En 1949, Joseph Campbell, chercheur et spécialiste en mythologies, propose dans  Le Héros aux mille et un visages une nouvelle théorie en narratologie : le monomythe. D’après lui, il existe un schéma narratif archétypique commun à l’ensemble des grands mythes et religions qui correspond au voyage du héros. Les mythes classiques les plus populaires répondant le mieux à cette structure sont ceux d’Osiris, Prométhée, Bouddha, Moïse et Jésus.

« Un héros s’aventure à quitter le monde du quotidien pour un territoire aux prodiges surnaturels : il y rencontre des forces fabuleuses et y remporte une victoire décisive. Le héros revient de cette mystérieuse aventure avec la faculté de conférer des pouvoirs à ses proches. »

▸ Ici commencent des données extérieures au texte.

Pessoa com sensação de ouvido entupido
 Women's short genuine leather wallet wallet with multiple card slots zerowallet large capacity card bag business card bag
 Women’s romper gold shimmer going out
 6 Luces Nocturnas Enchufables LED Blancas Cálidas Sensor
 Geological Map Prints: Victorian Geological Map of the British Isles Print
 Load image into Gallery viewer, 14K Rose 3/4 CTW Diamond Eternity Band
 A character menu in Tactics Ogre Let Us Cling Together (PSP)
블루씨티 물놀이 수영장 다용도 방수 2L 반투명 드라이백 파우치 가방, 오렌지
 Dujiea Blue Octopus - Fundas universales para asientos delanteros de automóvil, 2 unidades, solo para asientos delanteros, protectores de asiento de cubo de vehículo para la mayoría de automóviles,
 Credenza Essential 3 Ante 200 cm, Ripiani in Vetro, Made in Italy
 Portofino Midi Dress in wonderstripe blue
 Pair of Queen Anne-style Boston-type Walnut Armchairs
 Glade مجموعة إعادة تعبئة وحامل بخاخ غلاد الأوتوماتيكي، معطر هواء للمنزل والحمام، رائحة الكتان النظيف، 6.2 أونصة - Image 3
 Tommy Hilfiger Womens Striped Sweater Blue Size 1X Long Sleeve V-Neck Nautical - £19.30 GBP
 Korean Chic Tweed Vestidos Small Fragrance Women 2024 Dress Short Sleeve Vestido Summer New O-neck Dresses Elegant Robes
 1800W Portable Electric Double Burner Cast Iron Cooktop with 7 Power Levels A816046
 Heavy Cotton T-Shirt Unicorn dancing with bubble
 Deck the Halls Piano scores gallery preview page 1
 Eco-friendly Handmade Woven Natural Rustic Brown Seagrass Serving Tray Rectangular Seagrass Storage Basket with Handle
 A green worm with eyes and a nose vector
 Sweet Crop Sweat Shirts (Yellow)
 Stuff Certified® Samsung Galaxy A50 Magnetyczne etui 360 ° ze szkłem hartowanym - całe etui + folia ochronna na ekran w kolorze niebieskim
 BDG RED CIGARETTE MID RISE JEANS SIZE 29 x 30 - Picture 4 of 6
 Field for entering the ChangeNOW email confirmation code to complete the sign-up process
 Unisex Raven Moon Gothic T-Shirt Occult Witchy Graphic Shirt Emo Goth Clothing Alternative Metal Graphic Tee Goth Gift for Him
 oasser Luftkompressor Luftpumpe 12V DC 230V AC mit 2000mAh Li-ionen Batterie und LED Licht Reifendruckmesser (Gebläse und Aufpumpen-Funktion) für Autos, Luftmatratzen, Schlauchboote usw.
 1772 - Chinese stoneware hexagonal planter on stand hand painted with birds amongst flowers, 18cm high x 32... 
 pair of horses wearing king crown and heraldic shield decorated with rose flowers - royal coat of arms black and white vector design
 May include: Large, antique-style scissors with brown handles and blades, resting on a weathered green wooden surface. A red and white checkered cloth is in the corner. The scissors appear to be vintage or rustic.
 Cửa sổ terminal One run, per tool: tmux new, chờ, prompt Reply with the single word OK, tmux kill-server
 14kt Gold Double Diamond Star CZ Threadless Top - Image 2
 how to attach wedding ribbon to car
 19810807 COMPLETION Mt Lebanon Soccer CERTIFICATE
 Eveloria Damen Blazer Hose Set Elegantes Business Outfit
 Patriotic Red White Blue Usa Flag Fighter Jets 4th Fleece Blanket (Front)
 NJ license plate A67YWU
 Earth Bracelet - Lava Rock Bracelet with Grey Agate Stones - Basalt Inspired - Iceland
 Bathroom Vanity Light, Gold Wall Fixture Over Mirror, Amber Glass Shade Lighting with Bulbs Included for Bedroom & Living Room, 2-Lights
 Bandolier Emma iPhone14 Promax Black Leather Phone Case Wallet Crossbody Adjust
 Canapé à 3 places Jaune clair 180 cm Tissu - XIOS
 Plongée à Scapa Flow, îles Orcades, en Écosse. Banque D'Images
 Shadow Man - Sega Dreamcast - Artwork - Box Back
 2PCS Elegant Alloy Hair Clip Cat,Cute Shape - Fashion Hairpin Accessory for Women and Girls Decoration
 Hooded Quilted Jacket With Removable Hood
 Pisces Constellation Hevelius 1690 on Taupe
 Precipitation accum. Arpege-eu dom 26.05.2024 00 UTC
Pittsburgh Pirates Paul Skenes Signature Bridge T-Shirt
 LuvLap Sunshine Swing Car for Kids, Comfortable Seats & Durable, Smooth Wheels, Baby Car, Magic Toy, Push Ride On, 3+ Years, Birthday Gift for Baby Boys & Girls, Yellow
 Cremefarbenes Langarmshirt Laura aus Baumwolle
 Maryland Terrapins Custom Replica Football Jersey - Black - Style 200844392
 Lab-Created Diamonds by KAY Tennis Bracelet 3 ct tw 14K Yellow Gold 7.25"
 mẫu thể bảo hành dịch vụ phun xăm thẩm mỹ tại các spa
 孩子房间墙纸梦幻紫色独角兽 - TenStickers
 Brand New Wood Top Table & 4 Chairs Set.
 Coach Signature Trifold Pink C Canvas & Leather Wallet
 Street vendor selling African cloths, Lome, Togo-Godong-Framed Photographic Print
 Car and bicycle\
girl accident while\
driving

On retrouve dans cette théorie les influences de Freud (complexe d’Œdipe), Jung (figures archétypales, inconscient collectif, « processus d’individuation » au travers duquel l’individu acquiert une maturation psychologique lui permettant d’accéder à son identité réelle), et Van Gennep (théorie des « Rites de passage » publiée en 1909 autour des rites impliquant l’entrée ou la sortie d’un groupe social : grossesse, naissance, initiation, mariage et mort structurés en trois phases préliminaire, liminaire et d’agrégation).

 

« L’objet de la mythologie véritable et du conte de fées est de révéler les dangers et les méthodes propres à l’obscure voie intérieure qui mène de la tragédie à la comédie. Cela explique pourquoi les traditions y sont fantastiques et « irréelles » : elles représentent des victoires psychologiques et non des victoires sur le plan physique. Même lorsque la légende concerne un personnage historique réel, la relation de ses exploits n’emprunte pas ses images à la vie, mais au rêve ; l’essentiel, en effet, n’est pas que tel ou tel exploit ait été accompli sur terre : l’essentiel est qu’avant que tel ou tel exploit ait pu être accompli sur terre, cet autre exploit, plus important, primordial, ait eut lieu à l’intérieur du labyrinthe que nous connaissons tous et dans lequel nous pénétrons en rêve. Le héros mythologique, à l’occasion, peut effectuer ce passage sur terre ; fondamentalement, il est intérieur et se situe dans ces profondeurs où les résistances obscures sont surmontées et où des pouvoirs depuis longtemps perdus et oubliés sont revivifiés, pour être disponibles en vue de la transfiguration du monde ».

 

D’après Boris Solinski (1), cette « aventure mythologique du héros » passe par trois phases : la séparation ou le départ – l’appel de l’aventure, le refus de l’appel, l’aide surnaturelle, le passage du premier seuil, le ventre de la baleine ; l’initiation avec ses épreuves et ses victoires  : le chemin des épreuves, la rencontre avec la déesse, la femme tentatrice, la réunion au père, l’apothéose, le don suprême ; le retour du héros et sa réintégration dans la société : le refus du retour, la fuite magique, la délivrance venue de l’extérieur, le passage du seuil au retour, maître des deux mondes, libre devant la vie.

(1) Boris Solinski , « Joseph Campbell, Le héros aux mille et un visages », Questions de communication, 18 | 2010, 264-265.